Mit Abbildungen auf Taf.
IX [a.b/1].
Ramdohr's Gypsbrennofen.
In dem Maße, wie durch vermehrte architektonische Ausstattung der modernen Bauten der
Verbrauch des Stuccatur- oder Geschwindgypses gestiegen ist, haben sich auch
die Ansprüche an die Apparate gesteigert, in denen man den rohen Gyps zu seiner
Verwendung im Bauwesen, sowie zur Herstellung von Abgüssen etc. vorbereitet.
So einfach das Brennen des Gypses zu sein scheint, um so
leichter wird gegen die dabei zu beobachtenden Grundbedingungen gefehlt. Der Gyps
ist bekanntlich schwefelsaurer Kalk mit 2 Aequivalenten Wasser (CaSO₄ .
2H₂O) oder CaO, SO₃ + 2HO), von denen das eine Aequivalent
als Krystallwasser, das andere als salinisches Wasser, d.h. als solches zu
betrachten ist, welches auch durch Salze ersetzt werden kann.
Wenn man durch Erwärmung dem Gypse nur die Hälfte seines Wassergehaltes, nämlich das
eine Aequiv. Krystallwasser entzieht, so erhärtet er, wieder mit Wasser in Berührung
gebracht, durchaus nicht; wohl aber geschieht dies bei
passendem Verhältniß zwischen Gyps und Wasser schon binnen wenigen Minuten und unter
Wärmeentwickelung, sobald man den größten Theil des Wassergehaltes (mindestens 3/4)
ausgetrieben hat, indem der Gyps das Wasser wieder bindet und zu seiner
ursprünglichen chemischen Constitution zurückkehrt. Dies ist jedoch nur der Fall,
wenn man die Austreibung des Wassers bei einer Temperatur unter 133° bewirkt hatte.
Ueberschreitet man diese Temperatur erheblich und anhaltend, so verliert dadurch der
Gyps die Eigenschaft, unter Wiederaufnahme von Wasser zu erhärten; er nimmt vielmehr
das Wesen des in der Natur vorkommenden wasserfreien schwefelsauren Kalkes
(Anhydrit) an, welcher beim Vermischen mit Wasser ebenfalls nicht erhärtet.

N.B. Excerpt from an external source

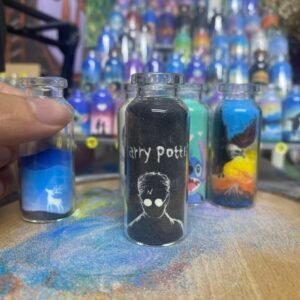 1 Sand Art Bottle [SandArtPoet]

Es kommt also beim Brennen darauf an, dem Gypse auf die einfachste Weise, möglichst
gleichmäßig durch seine ganze Masse hindurch, bei möglichst niedriger Temperatur
nahezu den gesammten Wassergehalt zu entziehen. Daß dies im großen Betriebe mit
absoluter Genauigkeit ebensowenig wie bei allen anderen technischen Operationen zu
erreichen sein wird, ist einleuchtend; es kommt also nur darauf an, die Grenze des
praktisch Erreichbaren der theoretischen Anforderung möglichst nahe zu bringen.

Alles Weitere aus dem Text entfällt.